Belarus' dictator Lukashenko rushed to hospital after collapsing in Russia
Alexander Lukashenko, the Belarusian dictator who has maintained his loyalty to Russian President Vladimir Putin throughout the conflict in Ukraine, has reportedly fallen ill and been rushed to the hospital in Moscow, according to the Daily Mail.
Lukashenko, 68, was said to be in critical condition after having collapsed while in Russia to meet with Putin, the latest in a series of health woes to befall the controversial leader.
The opposition leader in Belarus, Valery Tsepkalo, revealed, “According to the information we have, which needs additional confirmation, Lukashenko – after meeting with Putin behind closed doors – was urgently taken to the Central Clinical Hospital in Moscow, where he is now located.”
Further reports suggested that Lukashenko was indeed in “critical” condition, requiring that his blood be “purified,” as the Mail noted, and he was not cleared for a return trip home.
In light of the many suspicious deaths of high-ranking Russian political figures and oligarchs in recent years, speculation has already begun to circulate that Lukashenko may have been poisoned by agents close to Putin.
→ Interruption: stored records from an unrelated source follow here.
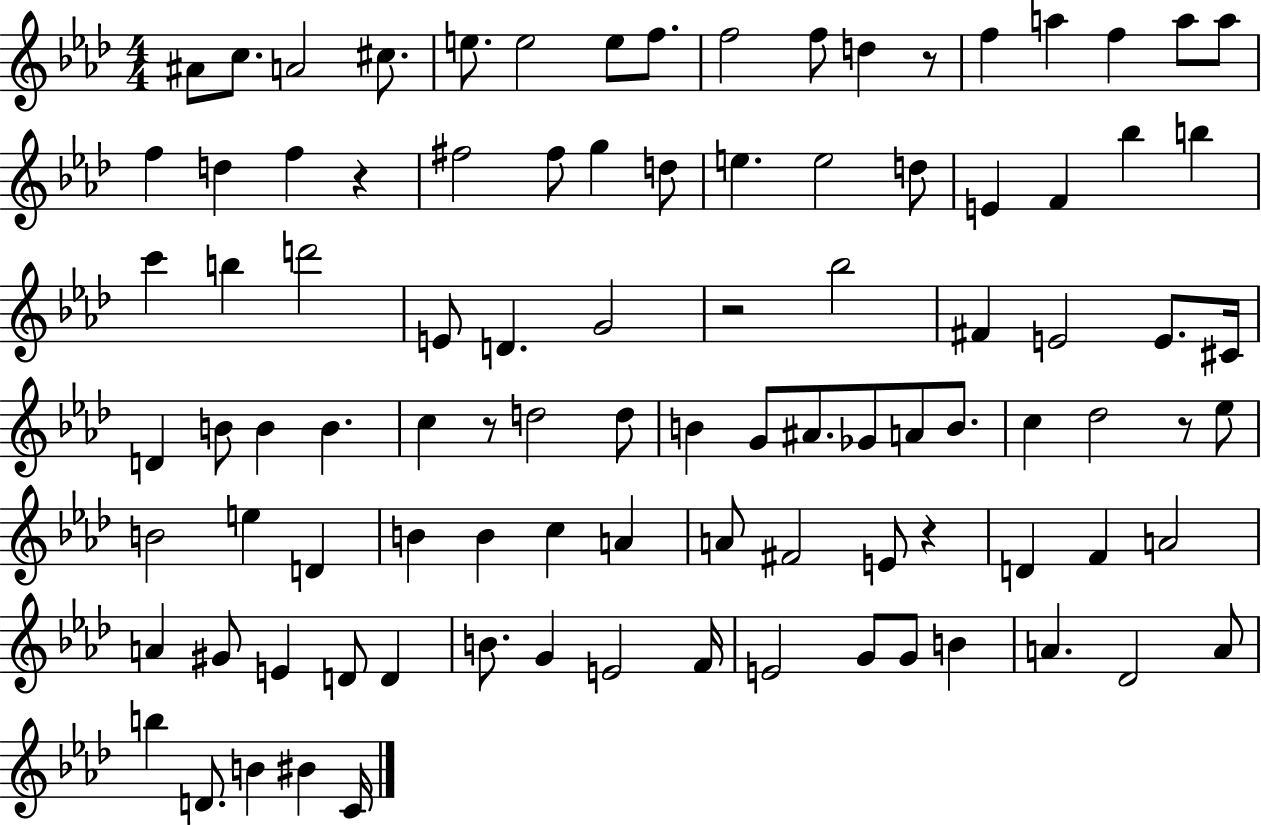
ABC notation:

X:1
T:Untitled
M:4/4
L:1/4
K:Ab
^A/2 c/2 A2 ^c/2 e/2 e2 e/2 f/2 f2 f/2 d z/2 f a f a/2 a/2 f d f z ^f2 ^f/2 g d/2 e e2 d/2 E F _b b c' b d'2 E/2 D G2 z2 _b2 ^F E2 E/2 ^C/4 D B/2 B B c z/2 d2 d/2 B G/2 ^A/2 _G/2 A/2 B/2 c _d2 z/2 _e/2 B2 e D B B c A A/2 ^F2 E/2 z D F A2 A ^G/2 E D/2 D B/2 G E2 F/4 E2 G/2 G/2 B A _D2 A/2 b D/2 B ^B C/4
Referencing such rumors, Tsepkalo added, “The organized measures to save the Belarusin dictator were intended to ward off speculation about the possible participation of the Kremlin in his poisoning.”
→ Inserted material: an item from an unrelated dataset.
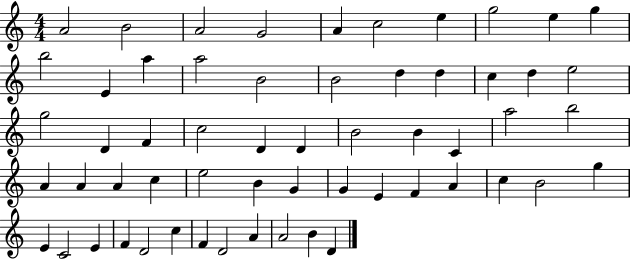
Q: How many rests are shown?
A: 0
Persistent Health Speculation
The health of Lukashenko has been the subject of much discussion for at least the last month, with his appearance earlier in May at a Victory Day commemoration in Moscow having sparked concern, as PBS Newshour reported. Said to have looked “pale and bloated,” Lukashenko bowed out of additional appearances surrounding the celebration, spurring further rumors about his condition.
Even so, the official state media arm went to great lengths to portray the leader as sufficiently vigorous to inspect an air force installation and greet military officers, clearly hoping to dispel further discussion of his health.
On May 15, state media released new images of Lukashenko in an attempt to assuage speculation, though, as the Mail noted, it appeared as though he was sporting some type of catheter on his arm.
The leader himself made an effort to quell chatter on the topic, saying last week that he had simply been battling a case of “adenovirus,” quipping, “So, I'm not planning to die, guys.”
Though the precise state of Lukashenko's current health and possible prognosis remain unclear, political analyst Dmitry Bolkunets declared, “Information about the deterioration of Lukasheno's health is confirmed,” according to the Mail.
“He is in the Central Clinical Hospital in Moscow. They are trying to put him on his feet and show the public,” Bolkunets added.
Signaling a potentially severe scenario, however, was the analyst's subsequent comment that there remains the possibility that the dictator's powers could be “transferred to [upper house speaker] Natalya Kochanova...or the collective Security Council.”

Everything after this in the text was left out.